後來,朱開山從哈爾濱請來醫生給秀兒治好了病,傳武他娘勸秀兒别再等了,趁着年輕另尋個好人家早點嫁了。
秀兒始終不肯,她堅持自己沒做錯什麼,傳武不應該這樣對她,她要等傳武給自己一個說法。
老家的房子被土匪燒了後,秀兒跟着朱開山一家先到齊齊哈爾,然後又輾轉到了哈爾濱。
18年的時間,秀兒一直獨守空房,到了哈爾濱後,她才偶爾能見上已經成為軍人的朱傳武一面。
見到傳武後,秀兒以為他終于回心轉意了,自己這些年沒有白等。可她沒有想到,傳武還是不碰她。
傳武告訴秀兒,自從那年和鮮兒在水場子走散後,他對女人的那份心就已經死了。
傳武不肯碰自己,秀兒憋屈地哭泣道:
“你心裡到現在還沒忘了那個鮮兒姐,那個上山當了土匪的鮮兒姐!她是女人,我也是女人,我哪兒不好......”
從放牛溝到齊齊哈爾,再到哈爾濱,18年的時間,秀兒雖然從來沒和傳武有過夫妻之實,但她始終以老朱家的兒媳婦,朱傳武的結發妻子自居。
她相信傳武就是塊冰冷的石頭,早晚也會被她的執着和癡情捂熱,18年來,她始終心有不甘。鮮兒是女人,她也是女人,傳武能愛鮮兒,為什麼不能愛她?
是這份心有不甘的置氣心态,支撐着秀兒熬過了18年獨守空房的孤寂時光。
可是,心有不甘的秀兒忘了一點,如果一個人始終對你沒反應,那他就是确實對你愛不起來,你再怎麼努力也走不進他的内心。你的置氣,隻不過是在和自己過不去。
在和朱傳武這段有名無實的婚姻裡,秀兒從頭到尾隻有自己入戲,而且始終不肯從悲情角色裡走出來。
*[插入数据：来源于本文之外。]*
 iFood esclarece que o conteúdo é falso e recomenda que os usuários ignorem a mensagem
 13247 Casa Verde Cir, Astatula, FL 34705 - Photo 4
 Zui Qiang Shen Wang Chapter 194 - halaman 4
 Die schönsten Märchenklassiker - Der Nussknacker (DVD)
她這種心有不甘,一廂情願的自我感動,不是真愛朱傳武,是一種任性。是一種懲罰别人,不肯放過自己的自私和愚蠢。
改嫁一郎,是秀兒不愛傳武的最好證明
在哈爾濱,秀兒遇到自己當年救過的一郎。
雖然已經分别18年,但一郎仍惦念着秀兒,傳武洞房花燭夜扔下秀兒,帶着鮮兒跑了時,一郎還沒有離開朱家。
那時還是個孩子的一郎,看着坐在新房炕上無聲流淚的秀兒,從懷裡掏出一塊手絹,塞進她手裡哭着跑了。
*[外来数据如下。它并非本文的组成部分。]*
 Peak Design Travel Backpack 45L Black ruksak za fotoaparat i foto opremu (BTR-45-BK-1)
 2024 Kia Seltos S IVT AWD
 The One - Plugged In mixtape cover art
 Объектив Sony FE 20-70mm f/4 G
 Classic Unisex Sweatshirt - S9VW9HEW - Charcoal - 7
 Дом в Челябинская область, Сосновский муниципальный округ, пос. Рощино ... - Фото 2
18年後再相見,一郎問起二哥傳武時,從秀兒的話中,他看出秀兒心中似有無限隐情。這十幾年,一郎一直想着秀兒,從來沒有忘記她。
一郎在朱家吃飯時,把懷表忘在那裡,文他娘打發秀兒給他送去時,兩個人一起吃了飯。
飯間,秀兒被一郎逗得十分開心,十幾年了,她從沒這樣高興過,看着一臉笑意的一郎,秀兒從心底湧起陣陣暖意。
家裡人發現,從不注重打扮的秀兒,開始捯饬自己了,一郎來時,她會換上新衣服,早晨起來,她會用頭油有把自己的頭發梳得溜光。
細心的玉書發現,一見到一郎,秀兒就會面色通紅,豔若桃花。一提起一郎,她就會露出嬌羞的神情。這些神态和表情,秀兒在傳武面前從沒有過。
原著裡這樣寫道:
玉書輕輕笑了,貼着秀兒的耳朵問:“頭油也是為一郎擦的吧?是不是已經那啥了?秀兒一把推開玉書說:“你說些啥啊?臊死人了”。玉書看見秀兒的嬌羞神情,全都明白了。
她又問秀兒:“一郎愛你嗎”?秀兒像孩子一樣撒嬌說:“俺不知道啥叫愛,他疼俺,反正”。
和一郎在一起,秀兒完全變成了另外一個人,她不會像當初對待傳武那樣,一見到一郎就用眼睛死死盯着他,更不會像狗皮膏藥那樣貼着他。
在一郎面前,她會像個小女孩一樣露出羞澀的表情,看見一郎,她就會慌亂地躲避他的眼睛。
秀兒在一郎面前的含蓄和羞澀,才是一個女人愛一個男人的真情流露。
真愛,不是“我逼你幹什麼”,而是“我願意為你做什麼”。
愛上一郎後,秀兒事事都為他着想,一郎是朱家的義子,她不想一郎因為自己背上罵名,所以,她對一郎說:
“我是為你好,做這麼大的生意,啥樣的好媳婦找不着啊”。
和當初明知道傳武不愛自己,還非要想盡一切辦法逼着他娶自己相比,秀兒對一郎的愛,才是真愛。
後來,雖然秀兒一再堅持要和一郎斷了,但在那文和玉書的幫助下,在傳武的慷慨支持下,她最終如願以償地嫁給了一郎。
寫在最後:
秀兒用最好的青春年華,獨守空房等了傳武18年,看上去是用情專一,實際上,她從沒真正愛過朱傳武。她的那份深情,不過是一種自以為是的固執和沖動。
18年的等待和守身如玉,對她來說,不過是一場充滿悲情的自我感動。
和傳武在一起,她心裡想的都是“你要為我怎樣”,面對傳武,她的臉上從未有過一絲嬌羞和柔情,行為上更不帶一點含蓄。
和一郎在一起,她心裡想的全是“我要為你怎樣”,面對一郎,她就會心跳加速,臉上的嬌羞和柔情從來都藏不住。
抱着枕頭獨守空房18年的秀兒,從沒真正愛過朱傳武,她隻不過是拿青春賭明天,自我感動了18年。